**COLLECTED DATA**
*****

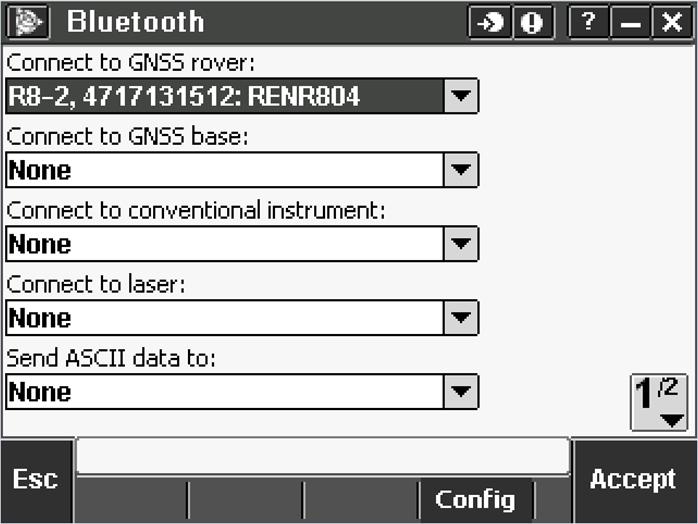 Bluetooth Configuration in Trimble Access In the Bluetooth window, we will connect our GPS receiver to Trimble Access.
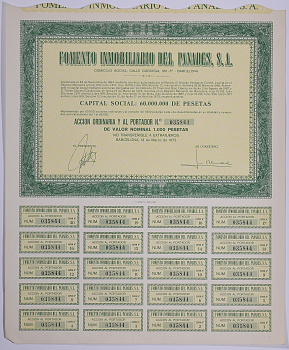 Испания акция на 1000 песет 1973 Fomento Inmobiliario del Panades, S.A., Барселона 1973, с купонами бумага 5544-14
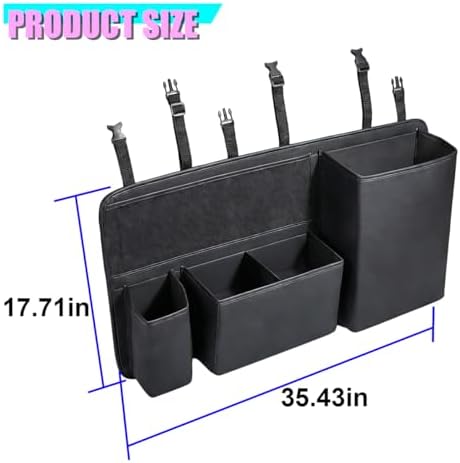 Leather Car Trunk Organizer, 35'' × 17'' Auto Backseat Hanging Storage Bag with 1 Mesh Pocket & 3 Pockets, Foldable Vehicle Travel Organizer Accessories for Sedan, SUV, Truck, MPV (Black)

*****

**WORK ORDER**
Reproduce the data above exactly, leaving out any picture in it.

**EXERCISE OUTPUT**
 Bluetooth Configuration in Trimble Access In the Bluetooth window, we will connect our GPS receiver to Trimble Access.
 Испания акция на 1000 песет 1973 Fomento Inmobiliario del Panades, S.A., Барселона 1973, с купонами бумага 5544-14
 Leather Car Trunk Organizer, 35'' × 17'' Auto Backseat Hanging Storage Bag with 1 Mesh Pocket & 3 Pockets, Foldable Vehicle Travel Organizer Accessories for Sedan, SUV, Truck, MPV (Black)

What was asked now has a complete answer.